In Dream Cruise, Gillies has to deal with a particularly unique conflict: reacting to the horror and shock from a slowly advancing ghost on the small ship by moving almost in exaggerated pantomime; from a western angle, the natural filmic reaction would be to fight like hell, or get off the boat fast.
Another flaw lies in the portrayal of the cuckolded husband (Ryo Ishibashi, who lost his feet and dignity in Miike's twisted Audition). His behaviour is one-sided and explicitly menacing towards Jack Miller (Gillies), a young business agent who's betrayed a sacred trust by boffing beautiful wife/hood ornament Yuri (Blindness' Yoshino Kimura,). When Jack shrugs off Yuri's suspicions of her husband's potential desire to exact a bit of revenge, it negates the suspicion and unease director Suzuki's been building for Jack in the episode's first third, and makes his character look, well, stupid.
The making-of featurette also examines the challenges of the Japanese cast and crew as dialogue written in Japanese was translated for an English language episode, and the directed in Japanese; it sorta works, but the performances, when subjected to Tsuruta's lethargic pacing, are very, very strange; Gillies plays Jack with great reserve and low-level emoting, whereas Ishibashi broods with bubbling rage or erupts with cackling Anglo catch-phrases; and Kimura, while initially sympathetic, becomes spastic in her emotional reactions.
The episode's assets include atmospheric photography, a moody score by Kôji Endô' (Audition), and some chilling visual effects for the vengeful ghost, and there's also one lively sequence that has Jack trying to remove a determined severed hand from his leg while Yuri is slowly drowning in a locked loo, but it's a rare, punchy sequence in an otherwise meandering, dull narrative that at least moved with more purpose in the 58 min. broadcast edit.

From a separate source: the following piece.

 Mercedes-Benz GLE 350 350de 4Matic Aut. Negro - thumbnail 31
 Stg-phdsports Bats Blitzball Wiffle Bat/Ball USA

Unlike prior bare bones DVD releases of J-horror, there's a decent level of information that dissects the significance of ghosts in Japanese culture (some nicely explained by director Tsuruta), as well as comparing the function of horror, and how it's distinctively experienced by western and Japanese audiences.
This title is available separately, and in a life-sized skull that houses the complete Second Season of Masters of Horror which includes "The Black Cat," "The Damned Thing," "Dream Cruise," "Family," 'Pelts," "Pro-Life," "Right to Die," "The Screwfly Solution," "Sounds Like," "Valerie on the Stairs," "The V Word," "The Washingtonians," and "We All Scream for Ice Cream."